Amevive (alefacept) for moderate to severe psoriasis, approved in late January 2003, sold $13 million in the first quarter of this year. The radioimmunotherapy Zevalin (ibritumomab tiuxetan) dipped somewhat, selling $4.8 million, compared to $5.7 million for the same period last year.
The company's joint deal with South San Francisco-based Genentech Inc. for Rituxan (rituximab) for B-cell non-Hodgkin's lymphoma yielded $134 million in revenues, compared to $111 million for the period last year. U.S. sales of Rituxan, Genentech said, totaled $363 million, compared to $310 million in the quarter last year.
Guidance from the company called for 15 percent revenue growth and 20 percent earnings-per-share growth through 2007. In the meantime, research and development spending likely will peak in the second quarter, which will be the "softest" of the year in terms of earnings per share, Kellogg said.
Biogen Idec is gearing up for submission in the second quarter of the U.S. filing for Antegren (natalizumab), in a move Kellogg characterized during a conference call as "shifting gears to ensure that we capitalize on this very unique opportunity."
William Rohn, chief operating officer for Biogen Idec, noted it has been "several years since the last meaningful therapy in MS was introduced and untreated patients are ready for a new product."

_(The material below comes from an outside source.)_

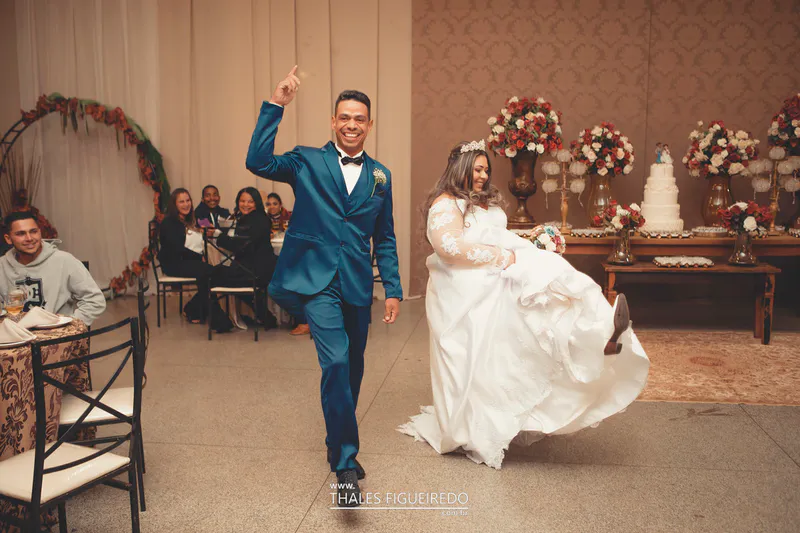 Casamento Grazi e Edim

Could the new drug cannibalize Avonex?
"The answer is not a simple yes or no," Rohn said, predicting physicians will use a decision-tree algorithm, based on how the patient presents. Doctors will be "eager to prescribe" Antegren for patients who have failed other therapies, he said. For patients with breakthrough disease, the decision will involve whether to switch to Antegren or add it to the current therapy, he said.
Rohn said the potential MS market is expected to grow to about $6 billion "over the next few years."
Antegren also is being developed for Crohn's disease and joins two other compounds in Phase III studies: Rituxan, for rheumatoid arthritis, and BG-12, being studied in Europe for psoriasis.
Last week, Biogen Idec and Fumapharm AG, of Lucerne, Switzerland, reported favorable results at the spring symposium of the European Academy of Dermatology and Venerology in Budapest, Hungary, from a Phase II study of BG-12, an oral fumarate.